I know most of you don’t work with the R language. In fact, plenty of you might not know anything about R other than a cursory understand of this as some sort of data analysis language. If you want to know more, here’s what the R Project is.
Microsoft wants you to use R Services in SQL Server, or the R Server product available as a standalone system. However, I saw someone ask the question why would someone run their R scripts inside SQL Server, because these are expensive CPU cycles to burn on analysis. Someone else noted that Microsoft loves your licensing dollars, so their push to use R Services is perhaps a little self serving.
Push the intellignce to the data makes sense. Isn’t that what we do with large data warehousing queries or SSAS cubes? We’re trying to get the analysis done at scale without having to move the data elsewhere, especially considering we’ve (usually) already moved the data in some sort of ETL (or ELT) process. Gaining insights from our ever increasing scales of data requires some computational cycles somewhere.
What’s the alternative? Large queries that pull data to some client? I think that’s fine, and that might be a better alternative since simple queries to pull data don’t burn as many CPU cycles as those that might perform analysis.
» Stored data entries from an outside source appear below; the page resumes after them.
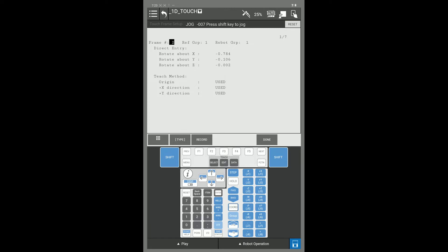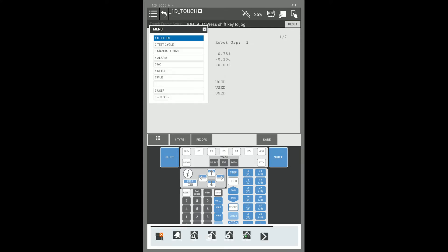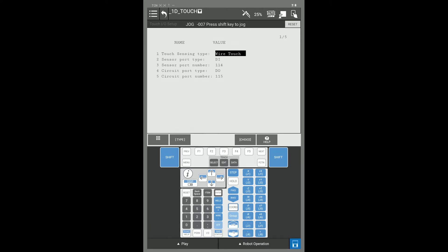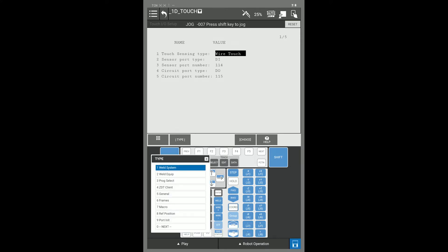To set up a touch frame, you're going to press your menu key, go to line 6, Setup, press F1 Type, and go to something called Touch Frame.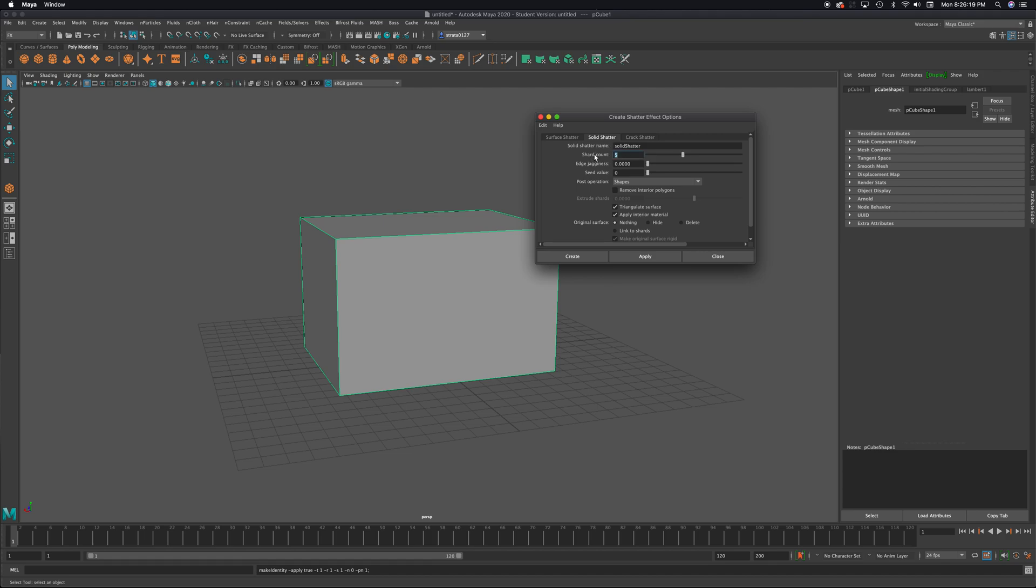This is telling me how many shards I want it to be. So maybe I'll bring it up to 10 here. And triangulate surface, you can do all this stuff. I'd just like to leave all this alone. And I'm going to press create.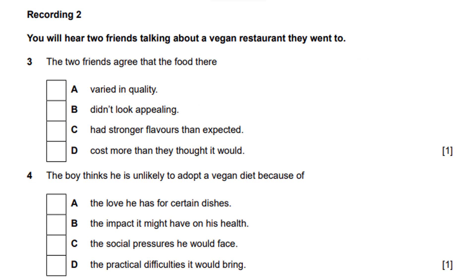Recording 2: two friends talking about a vegan restaurant. 'Will you go back?' 'I doubt I could afford it very often — you're paying for the decor and location too. I suppose it wasn't unreasonable. They could have put more thought into the presentation; the dishes weren't very colourful, though I didn't find them off-putting. The soup was nice with an unusual combination of nuts, fruit and vegetables — definitely worth trying. The rice and beans dish was a letdown though; it could have done with more pepper.'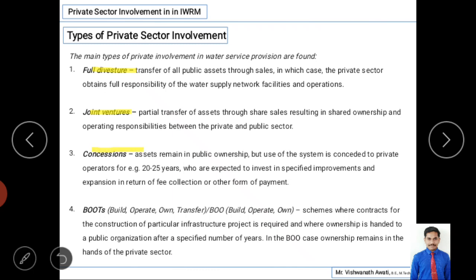The third type is concessions. Here assets remain in public ownership, but use of the system is conceded to private operators for example for 20 to 25 years. The property remains in the government's name, but concession is given to the private organization to carry out construction activities and then collect fees — for example, toll collection on highways — for that specific period of years.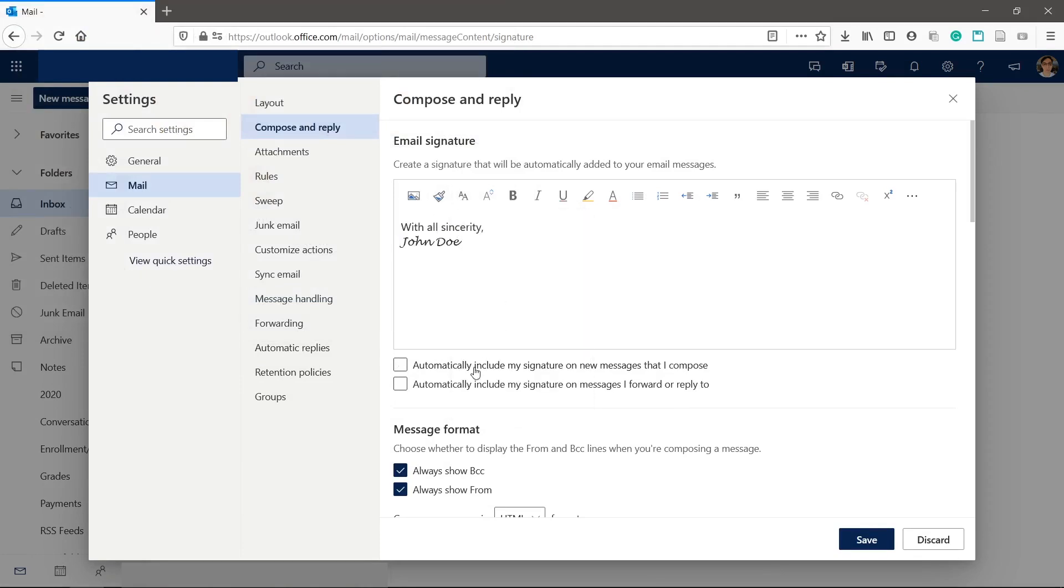Check the two boxes here so that your signature is automatically added to all your emails. Click Save.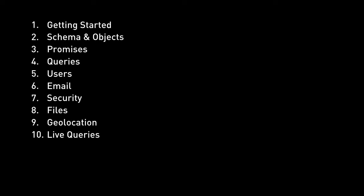In this cloud code section I'll show you how to write functions in parse which get executed on the server side which you can use to perhaps validate data before it gets saved to the database or just a solution so you can add complex functionality to the server side and just call them from the client side with just one line of code.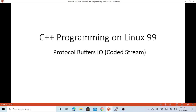Hello, this is Hui. Welcome to watch my video C++ Programming on Linux. In this short video, we are going to discuss Protocol Buffer's I/O package.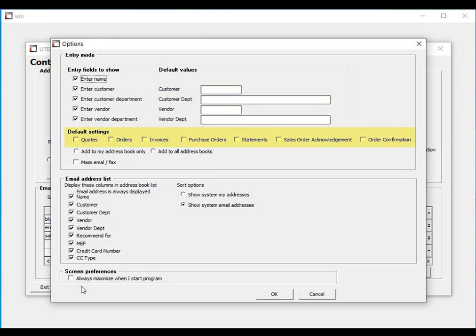Next, you could have the system default the recommended documents. Most users do not set defaults for these, since your customer's buyers may get a copy of an order or confirmation, for example, but that same person may not get a copy of an invoice or a statement.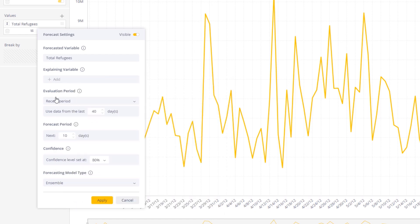Other information about the forecasting model is available within a single click. The user can fine-tune the time window which feeds the forecasting algorithm and choose how many data points into the future to predict.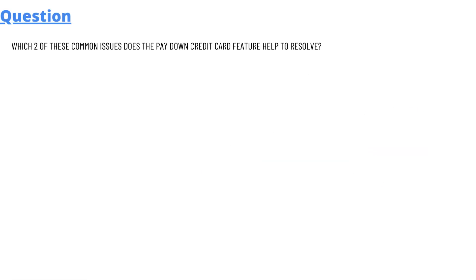So today's question which we'll be discussing is: which two of these common issues does the pay down credit card feature help to resolve?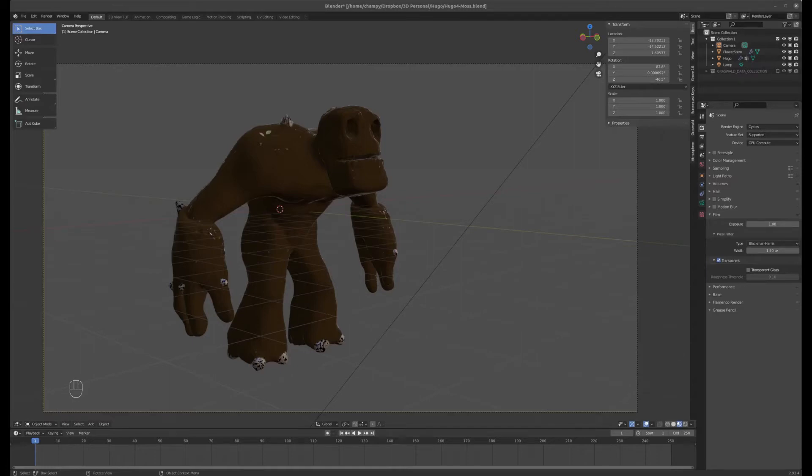Today I'm going to show you another method of combining 3D modeled and rendered elements with a photograph for a believable result.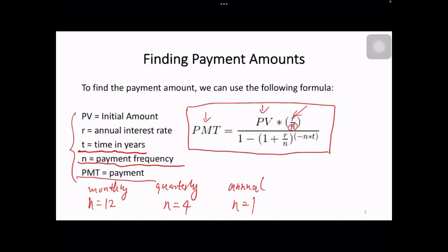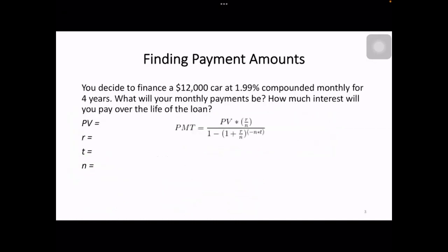All right, let's look at an example. It says you decide to finance a $12,000 car at 1.99% compounded monthly for four years. The first question asks: what would your monthly payment be? The second question asks: how much interest would you pay over the life of the loan? That's the typical loan payment type of problem.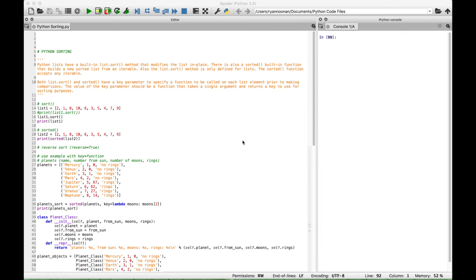Hello everybody. In this Python tutorial, we're going to go over several different ways that you can sort data.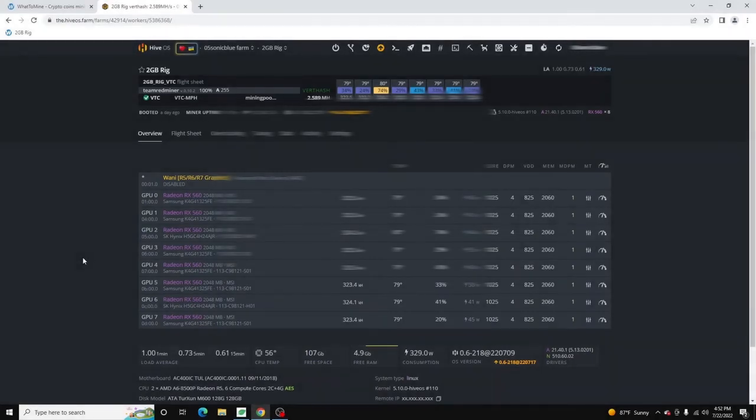And you can now use this API token. Just copy and paste it into your Retro Mike Mining Tools application, and it'll connect you up to your HiveOS instance.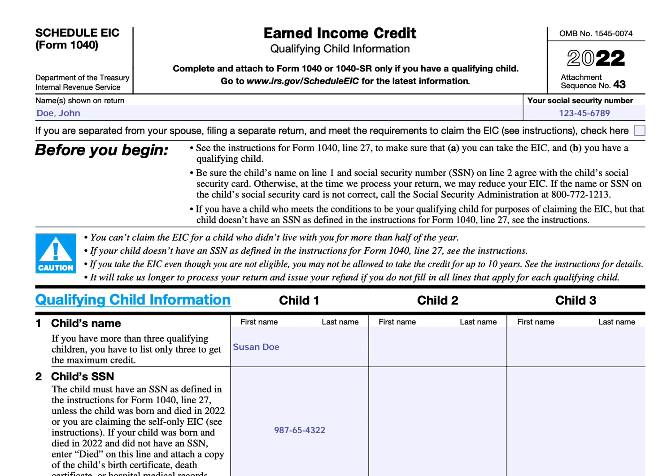There are a couple of things we should note before beginning this tax form. You'll need to see the instructions for IRS Form 1040, Line 27, to make sure that A, you can take the earned income credit in the first place, and B, you have a qualifying child. You can take the earned income credit without a qualifying child if you meet certain criteria, but that's not the purpose of this form. If you meet the earned income credit criteria without a qualifying child, you don't need to complete Schedule EIC.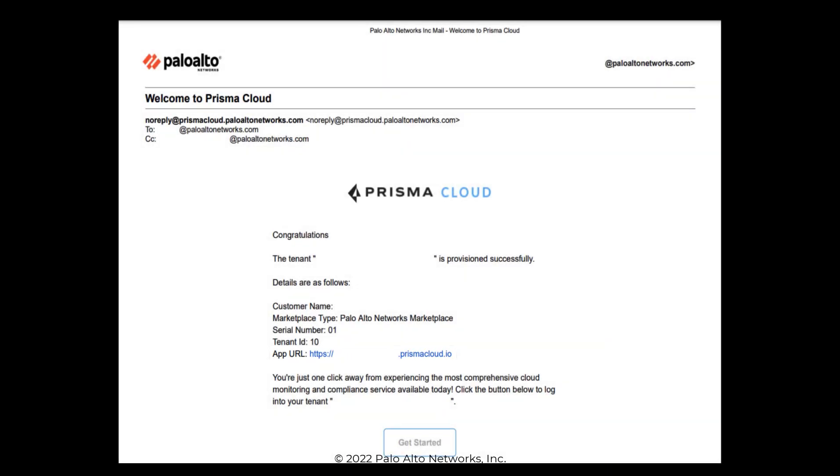If you are the first registered user, a Palo Alto Networks Customer Support Portal account is created for you, and you can log into Prisma Cloud and start securing your cloud deployments.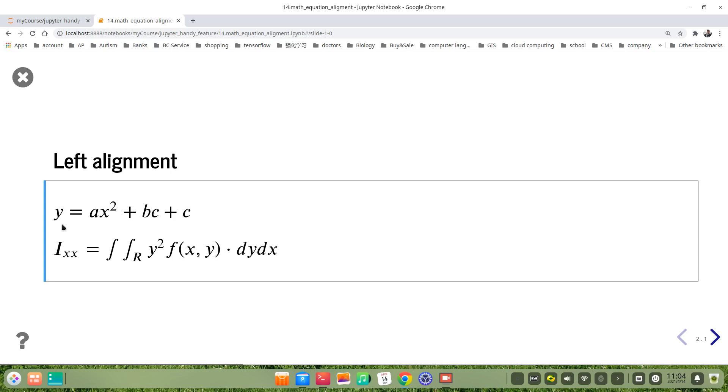But how do we center align it? Or sometimes maybe we need right alignment. Let's see how to do it.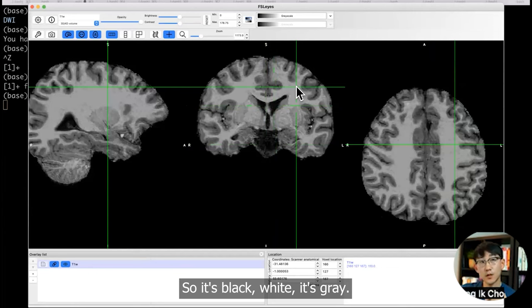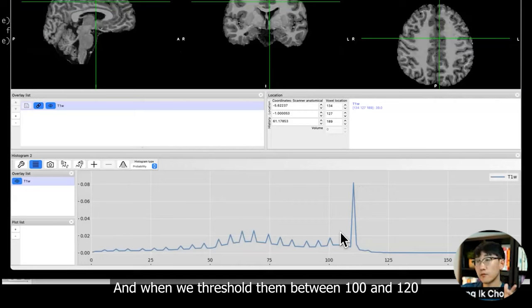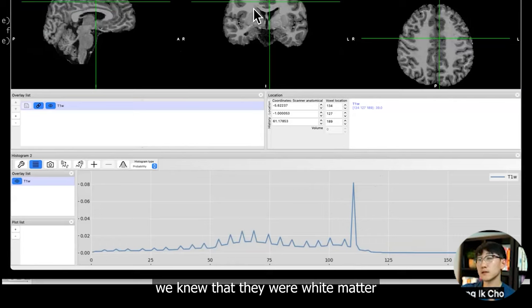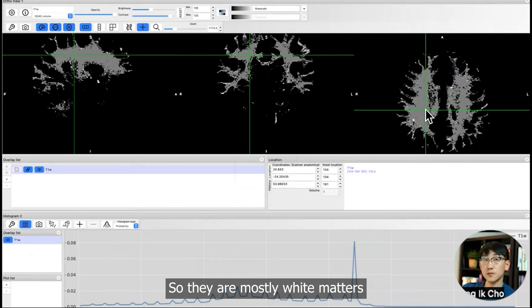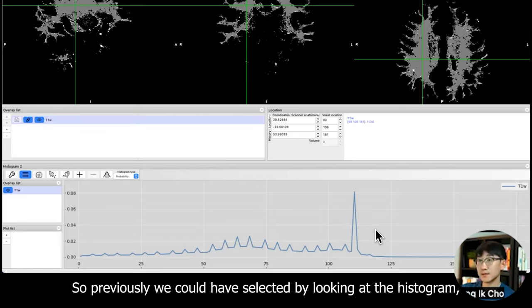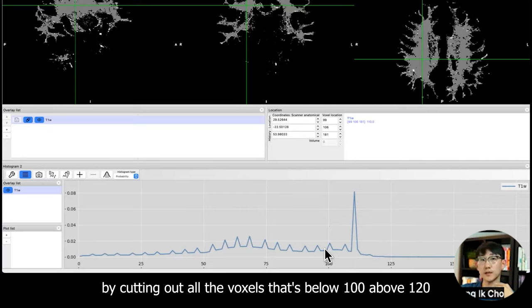We would like to differentiate gray matter, white matter, and CSF. One way that we can do that simply is just to threshold them by how bright they are. From the histogram, when we thresholded them between 100 and 120, we knew that they were white matter. So previously we could have selected by looking at the histogram to give me the white matter area by cutting out all the voxels that are below 100 and above 120.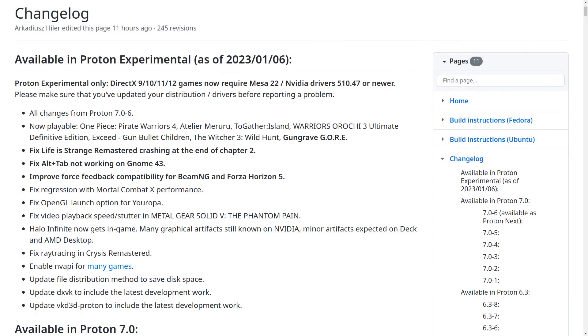The update for January 6th gets Gungrave Gore working. It fixes up Life is Strange Remastered crashing at the end of Chapter 2, fixes up Alt-Tab not working on the GNOME 43 Linux desktop environment, and they've also improved force feedback compatibility for BeamNG and Forza Horizon 5.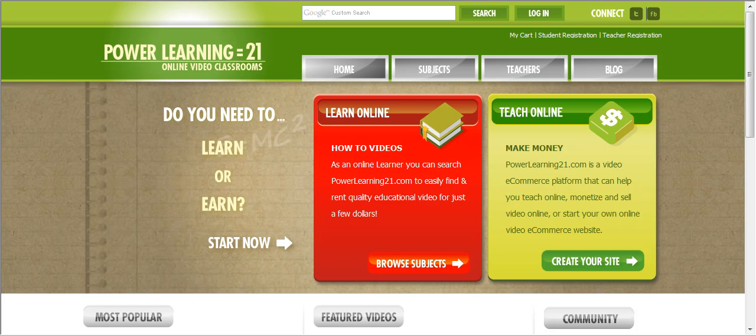Hello, welcome to PowerLearning21, Learning for the 21st Century. This video tutorial will show you how to set up your user account where you can create your classrooms, add your courses, and upload your class video.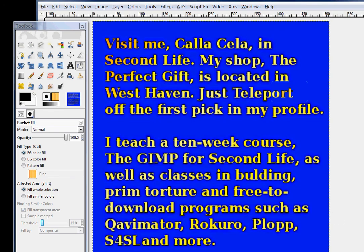If you enjoyed this, visit me. I'm Calicella in Second Life. My shop is the perfect gift. And it's located in West Haven. Just teleport off the first pic in my profile. I teach a 10 week course, the GIMP for Second Life. As well as classes in building, prim torture, and free to download programs such as QAVMator, Rokoro, PLOP, and S4SL. Thank you for listening to this tutorial. I hope you enjoyed it. Bye now.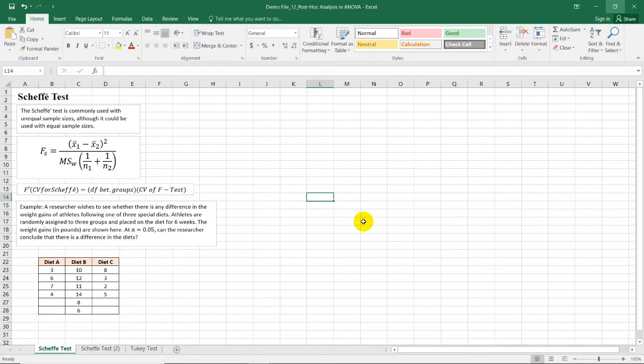Hello, my name is Ram and welcome to another video of Matoklasan. And in this video, I'm going to show you how to do the Scheffe test or the post hoc analysis for one-way analysis of variance in Microsoft Excel.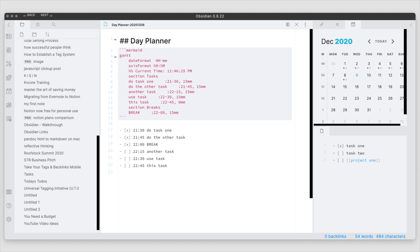Hello everyone, my name is Anton. Welcome to the channel if you're new, welcome back if you've been here before. Today I wanted to talk about tasks again.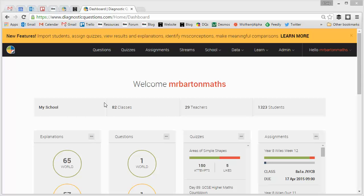Hello, my name is Craig Barton and welcome to a video showing you how you can compare the performance of a particular class or cohort of students on a quiz that you've assigned them on my website diagnosticquestions.com.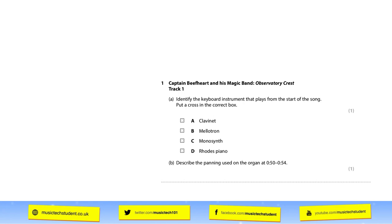The next example is about describing panning, so your mixing skills will come in handy here. It asks where the panning is for the organ, and note the specific reference time — it's only asking you to reference from 50 to 55 seconds, so don't look anywhere else. An answer like 'it's panning from left to right' or 'it's in the left speaker' would be appropriate.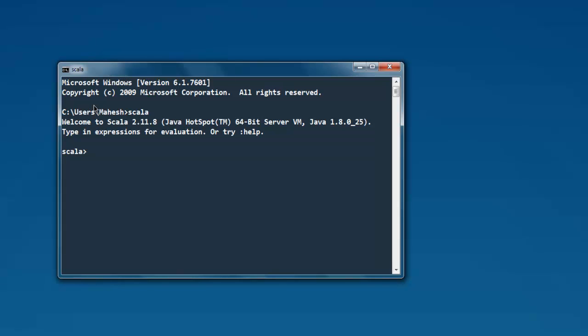This way you can resolve the issue with the Windows installation of Scala. You can type ':quit' to exit the interpreter.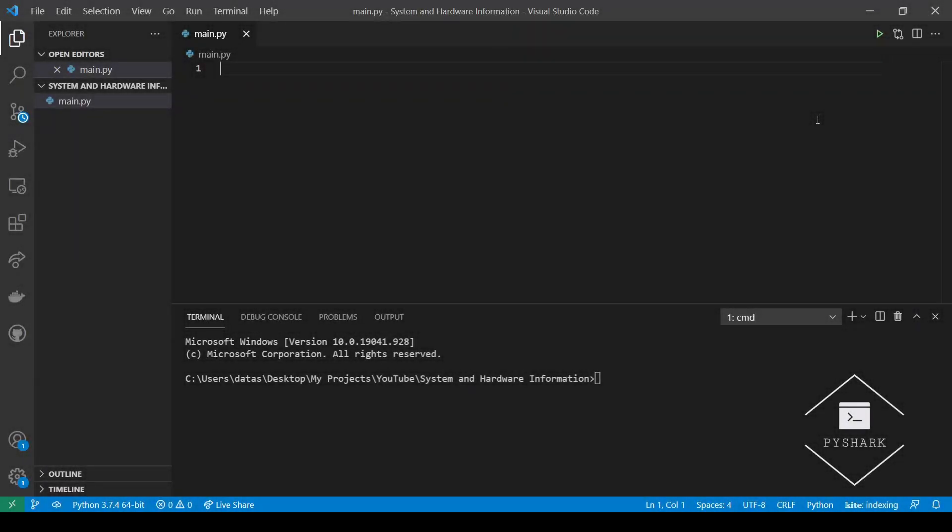The platform module in Python allows us to access the underlying platform's data. This includes computer network name, machine type, processor type, platform type, operating system, operating system release, and operating system version. Let's see how we can retrieve that information.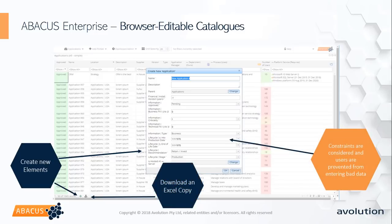Constraints are also considered as part of the catalogues. For example, a date column provides a date selector so you can't enter random text. List columns ensure you select from enumeration values, preventing invalid data entry. Those constraints are configurable through the metamodel in Abacus Studio, so you can decide exactly what structure those data entities should take on.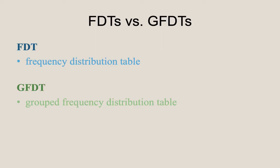Hello. In this brief video, we'll compare FDTs versus GFDTs. Recall that FDT stands for frequency distribution table, whereas GFDT stands for a grouped frequency distribution table.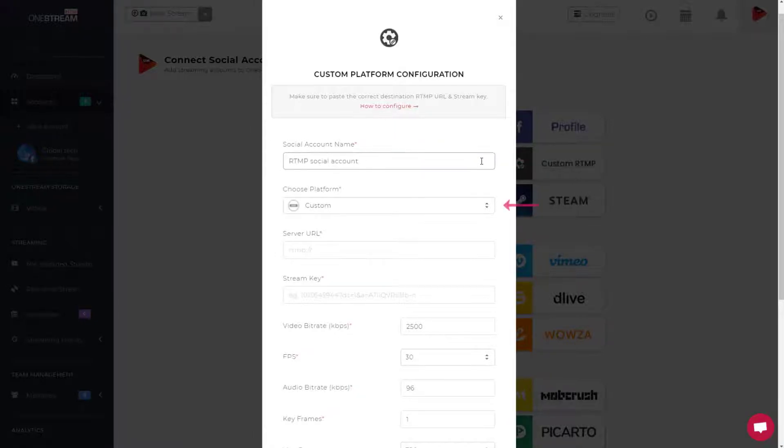Choose your destination platform. If you cannot find it from the drop-down list, choose custom.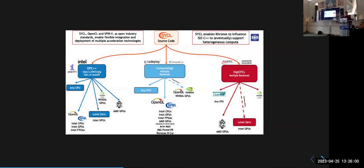Q&A: Is SYCL translated to CUDA PTX when targeting an NVIDIA device? Yes, if you're targeting NVIDIA. Exactly how varies by implementation — hipSYCL does it completely differently to DPC++, but they're all using LLVM in the background. The process involves splitting host and device code, separate compilers and assemblers, then merging into a fat binary — as described in the earlier talk. You can give the SYCL compiler a flag to dump the PTX so you can inspect where things go right or wrong.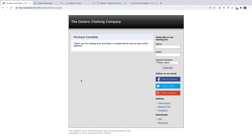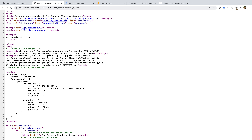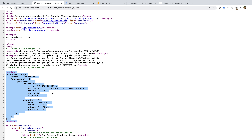We're now on the confirmation page, so let's view the source code. We can see the custom data layer that includes the details for our transaction. This is using the ecommerce schema for Universal Analytics properties, which is also compatible with GA4.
I certainly understand that the licensed CPU cycles for a SQL Server instance are expensive, and we want to be careful how they are used. Adding complex R scripts might not be the best use of our licensing dollars. On the other hand, if I can perform analysis quicker, that is more useful, than perhaps I can eliminate other random queries analysts want to run on my database?
Ultimately I think that R Services make some sense in SQL Server, but not as some experiment. I would suggest that the R client is the way to experiment, preferably on a copy of data that allows someone to build scripts and determine if there is insight to be gained from a particular set of data. Build a Proof of Concept (POC), and only deploy it to a SQL Server if you find it provides value.
And if you do so, continue to experiment. That R script you run today might not be as useful in six months as your application, database, and business evolve. Data analysis isn’t a set-it-and-forget-it, but rather an ongoing, iterative process.